But this is a new Microsoft, according to Mueller, who noted that Linux has lived on Azure for some time now.

It is a sentiment that Salesforce CEO Marc Benioff probably does not share. "The new Microsoft is actually the old Microsoft," he told the audience at a different event, codeenterprise, earlier this week.

But whether the (once) protectionist company has opened its heart or not, embracing Linux is a smart business move.

As a Platinum member of the Linux Foundation, Microsoft will now have a voice, and possibly some influence, over the direction of the operating system. Not only that, but the company's membership also reassures enterprises that they can move Linux loads over to Microsoft's Azure cloud, according to Mueller.

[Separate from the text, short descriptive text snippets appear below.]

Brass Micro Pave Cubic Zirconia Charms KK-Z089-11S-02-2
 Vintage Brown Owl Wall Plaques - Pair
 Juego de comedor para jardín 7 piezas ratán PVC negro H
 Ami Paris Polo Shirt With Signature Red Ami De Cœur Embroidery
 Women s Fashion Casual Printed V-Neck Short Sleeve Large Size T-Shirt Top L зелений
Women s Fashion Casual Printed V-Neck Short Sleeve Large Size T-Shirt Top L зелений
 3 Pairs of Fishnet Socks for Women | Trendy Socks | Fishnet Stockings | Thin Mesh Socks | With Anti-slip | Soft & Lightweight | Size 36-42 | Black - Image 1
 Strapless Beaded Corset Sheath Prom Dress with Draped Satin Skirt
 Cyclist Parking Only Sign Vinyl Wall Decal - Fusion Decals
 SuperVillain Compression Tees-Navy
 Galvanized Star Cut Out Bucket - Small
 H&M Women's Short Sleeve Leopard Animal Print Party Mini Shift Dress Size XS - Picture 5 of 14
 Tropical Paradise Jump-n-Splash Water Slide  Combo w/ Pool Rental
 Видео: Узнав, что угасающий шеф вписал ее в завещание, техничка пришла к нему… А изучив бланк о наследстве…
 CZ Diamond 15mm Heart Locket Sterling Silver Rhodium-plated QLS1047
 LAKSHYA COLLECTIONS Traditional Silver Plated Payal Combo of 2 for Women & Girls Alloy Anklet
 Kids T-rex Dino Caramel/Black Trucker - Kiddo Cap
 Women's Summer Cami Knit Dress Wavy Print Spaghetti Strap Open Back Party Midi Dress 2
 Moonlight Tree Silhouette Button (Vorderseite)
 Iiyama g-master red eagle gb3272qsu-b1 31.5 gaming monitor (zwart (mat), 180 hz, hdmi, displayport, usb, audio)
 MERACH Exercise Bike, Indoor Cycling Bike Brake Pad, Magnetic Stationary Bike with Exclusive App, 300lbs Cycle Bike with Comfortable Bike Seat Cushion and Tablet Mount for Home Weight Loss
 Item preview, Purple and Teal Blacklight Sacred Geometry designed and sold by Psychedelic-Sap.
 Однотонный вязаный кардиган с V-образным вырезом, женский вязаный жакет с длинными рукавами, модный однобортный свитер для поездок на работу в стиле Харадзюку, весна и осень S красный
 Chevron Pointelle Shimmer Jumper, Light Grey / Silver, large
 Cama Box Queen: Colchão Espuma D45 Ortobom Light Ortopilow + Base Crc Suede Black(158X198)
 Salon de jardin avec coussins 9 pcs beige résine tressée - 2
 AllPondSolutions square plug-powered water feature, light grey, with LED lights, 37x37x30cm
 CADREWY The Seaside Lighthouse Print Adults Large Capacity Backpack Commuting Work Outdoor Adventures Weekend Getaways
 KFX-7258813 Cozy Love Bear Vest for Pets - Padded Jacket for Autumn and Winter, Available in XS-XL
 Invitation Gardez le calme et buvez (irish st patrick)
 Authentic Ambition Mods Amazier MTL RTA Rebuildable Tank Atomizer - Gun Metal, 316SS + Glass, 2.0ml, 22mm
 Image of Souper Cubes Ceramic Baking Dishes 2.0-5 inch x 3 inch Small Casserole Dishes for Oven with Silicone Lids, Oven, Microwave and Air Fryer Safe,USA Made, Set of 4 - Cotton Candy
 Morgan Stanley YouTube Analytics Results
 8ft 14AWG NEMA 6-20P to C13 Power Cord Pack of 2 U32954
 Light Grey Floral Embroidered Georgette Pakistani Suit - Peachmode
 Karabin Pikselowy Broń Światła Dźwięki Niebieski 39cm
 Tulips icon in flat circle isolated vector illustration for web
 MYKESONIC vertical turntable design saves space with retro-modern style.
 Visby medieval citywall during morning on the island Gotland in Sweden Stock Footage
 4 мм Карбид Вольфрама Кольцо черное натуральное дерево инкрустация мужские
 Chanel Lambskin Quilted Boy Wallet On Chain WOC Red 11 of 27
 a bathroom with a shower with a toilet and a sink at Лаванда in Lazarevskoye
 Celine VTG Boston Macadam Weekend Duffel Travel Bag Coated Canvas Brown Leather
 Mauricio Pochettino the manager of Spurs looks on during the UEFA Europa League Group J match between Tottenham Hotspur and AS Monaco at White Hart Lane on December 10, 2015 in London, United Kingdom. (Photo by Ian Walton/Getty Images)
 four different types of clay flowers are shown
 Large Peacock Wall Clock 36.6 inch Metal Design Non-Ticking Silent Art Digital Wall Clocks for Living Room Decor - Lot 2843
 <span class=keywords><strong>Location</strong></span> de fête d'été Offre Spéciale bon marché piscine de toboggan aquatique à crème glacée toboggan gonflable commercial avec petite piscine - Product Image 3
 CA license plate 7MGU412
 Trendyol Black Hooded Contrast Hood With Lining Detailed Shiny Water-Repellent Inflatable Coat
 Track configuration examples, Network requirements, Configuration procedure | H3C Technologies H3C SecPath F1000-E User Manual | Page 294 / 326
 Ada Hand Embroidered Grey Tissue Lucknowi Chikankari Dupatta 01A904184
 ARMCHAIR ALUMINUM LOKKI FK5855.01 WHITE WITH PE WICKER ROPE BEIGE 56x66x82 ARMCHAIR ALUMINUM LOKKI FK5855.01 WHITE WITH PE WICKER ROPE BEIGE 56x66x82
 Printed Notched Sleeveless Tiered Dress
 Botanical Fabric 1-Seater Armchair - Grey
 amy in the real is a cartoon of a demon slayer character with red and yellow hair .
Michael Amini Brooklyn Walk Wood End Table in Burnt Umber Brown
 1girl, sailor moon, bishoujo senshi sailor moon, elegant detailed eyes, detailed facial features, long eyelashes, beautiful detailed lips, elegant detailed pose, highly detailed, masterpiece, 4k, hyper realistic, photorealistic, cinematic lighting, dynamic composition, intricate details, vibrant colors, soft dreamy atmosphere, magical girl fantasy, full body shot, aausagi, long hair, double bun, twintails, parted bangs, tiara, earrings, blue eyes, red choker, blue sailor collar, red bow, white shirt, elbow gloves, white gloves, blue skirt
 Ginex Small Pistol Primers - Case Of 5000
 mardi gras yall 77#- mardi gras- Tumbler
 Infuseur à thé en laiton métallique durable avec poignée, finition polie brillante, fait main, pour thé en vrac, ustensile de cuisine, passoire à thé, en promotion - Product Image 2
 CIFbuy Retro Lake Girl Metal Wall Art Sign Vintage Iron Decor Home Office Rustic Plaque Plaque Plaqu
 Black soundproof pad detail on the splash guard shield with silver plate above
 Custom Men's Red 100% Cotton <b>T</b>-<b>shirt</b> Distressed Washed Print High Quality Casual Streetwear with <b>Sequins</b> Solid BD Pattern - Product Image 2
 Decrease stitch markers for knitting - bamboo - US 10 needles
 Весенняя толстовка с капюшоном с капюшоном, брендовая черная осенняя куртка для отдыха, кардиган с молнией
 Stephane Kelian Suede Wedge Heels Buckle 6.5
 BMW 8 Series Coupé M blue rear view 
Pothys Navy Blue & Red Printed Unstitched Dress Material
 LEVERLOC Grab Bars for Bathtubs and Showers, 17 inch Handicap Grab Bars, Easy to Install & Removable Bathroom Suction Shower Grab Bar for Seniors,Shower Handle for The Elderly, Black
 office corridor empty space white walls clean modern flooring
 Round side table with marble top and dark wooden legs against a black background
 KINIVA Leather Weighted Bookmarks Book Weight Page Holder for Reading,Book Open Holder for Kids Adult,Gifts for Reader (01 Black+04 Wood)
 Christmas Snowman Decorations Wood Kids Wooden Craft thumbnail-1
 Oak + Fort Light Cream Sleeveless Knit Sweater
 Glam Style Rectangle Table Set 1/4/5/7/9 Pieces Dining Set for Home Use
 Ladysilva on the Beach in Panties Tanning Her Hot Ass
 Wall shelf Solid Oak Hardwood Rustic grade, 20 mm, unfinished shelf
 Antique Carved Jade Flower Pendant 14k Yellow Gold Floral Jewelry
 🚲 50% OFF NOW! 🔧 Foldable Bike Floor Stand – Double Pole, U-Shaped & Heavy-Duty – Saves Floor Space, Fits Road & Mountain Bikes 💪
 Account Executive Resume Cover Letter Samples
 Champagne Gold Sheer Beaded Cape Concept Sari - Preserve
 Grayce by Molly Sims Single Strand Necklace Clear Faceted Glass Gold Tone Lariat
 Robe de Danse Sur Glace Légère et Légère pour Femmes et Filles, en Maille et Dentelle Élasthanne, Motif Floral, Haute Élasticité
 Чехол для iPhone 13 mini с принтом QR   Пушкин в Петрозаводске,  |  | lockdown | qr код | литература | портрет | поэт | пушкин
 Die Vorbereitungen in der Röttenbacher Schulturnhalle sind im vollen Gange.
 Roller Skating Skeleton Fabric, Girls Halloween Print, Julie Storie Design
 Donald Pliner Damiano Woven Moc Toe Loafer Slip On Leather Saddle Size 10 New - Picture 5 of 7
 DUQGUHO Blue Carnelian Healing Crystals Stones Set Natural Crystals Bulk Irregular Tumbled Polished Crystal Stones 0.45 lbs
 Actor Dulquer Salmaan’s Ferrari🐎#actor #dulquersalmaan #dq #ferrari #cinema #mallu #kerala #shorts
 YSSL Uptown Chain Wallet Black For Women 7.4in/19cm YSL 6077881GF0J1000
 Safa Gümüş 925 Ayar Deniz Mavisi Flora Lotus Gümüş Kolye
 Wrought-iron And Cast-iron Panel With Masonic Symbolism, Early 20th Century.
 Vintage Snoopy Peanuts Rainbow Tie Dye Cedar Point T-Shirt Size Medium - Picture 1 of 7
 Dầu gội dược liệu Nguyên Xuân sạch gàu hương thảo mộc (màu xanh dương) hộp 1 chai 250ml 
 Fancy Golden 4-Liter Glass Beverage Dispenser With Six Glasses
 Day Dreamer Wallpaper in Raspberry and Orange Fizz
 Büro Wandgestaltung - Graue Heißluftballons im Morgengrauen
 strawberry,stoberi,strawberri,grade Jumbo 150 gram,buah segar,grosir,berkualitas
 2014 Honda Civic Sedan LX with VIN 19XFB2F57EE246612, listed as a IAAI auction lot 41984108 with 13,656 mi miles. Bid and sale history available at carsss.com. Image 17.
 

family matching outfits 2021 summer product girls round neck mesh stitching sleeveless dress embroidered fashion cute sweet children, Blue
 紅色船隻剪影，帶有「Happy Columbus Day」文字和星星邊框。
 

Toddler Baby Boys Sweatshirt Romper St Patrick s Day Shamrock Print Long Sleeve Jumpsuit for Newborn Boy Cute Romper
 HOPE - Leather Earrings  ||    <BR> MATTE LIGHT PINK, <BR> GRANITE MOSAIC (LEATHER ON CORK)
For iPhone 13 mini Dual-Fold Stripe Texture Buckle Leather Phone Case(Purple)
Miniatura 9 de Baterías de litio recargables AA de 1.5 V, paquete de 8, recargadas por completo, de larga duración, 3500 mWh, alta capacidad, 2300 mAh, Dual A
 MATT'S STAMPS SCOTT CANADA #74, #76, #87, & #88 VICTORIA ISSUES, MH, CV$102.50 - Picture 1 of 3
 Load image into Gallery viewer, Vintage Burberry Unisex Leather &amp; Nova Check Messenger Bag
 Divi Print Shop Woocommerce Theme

Love at the .NET Foundation

Microsoft is not entirely new to open source. It has been the heartbeat of the .NET Foundation and particularly the open source and cross-platform application framework .NET Core.

Today Microsoft welcomed Google to the .NET Foundation's Technical Steering Group with the idea of energizing the .NET developer community and reassuring .NET engineers on Google’s commitment to fostering an open platform that supports businesses and developers who have standardized on .NET.

Both Microsoft and Google seem to win in this relationship.

Microsoft, for its part, is committed to keeping .NET apps running but it does not want to use all of its valuable developer capacity moving old but important and used .NET apps to the cloud.

It is better to find a way to run them and to have the developers focus on next gen Apps, Mueller told CMSWire, noting that Google (Google Cloud Platform) needs to prove itself on enterprise loads.

So there is a win for both parties here.

Samsung, Microsoft Meet

Samsung announced the preview of its Visual Studio Tools for Tizen today giving developers what they need to build .NET apps for the Tizen operating system that runs on Samsung televisions, wearables, mobile devices and IoT devices worldwide.

If Guthrie is making one thing obvious at Connect(); 2016, it is that Microsoft wants to be where developers go to build the next generation of applications. If openness, cooperation and collaboration are the keys to developers' hearts, AWS might have something to worry about.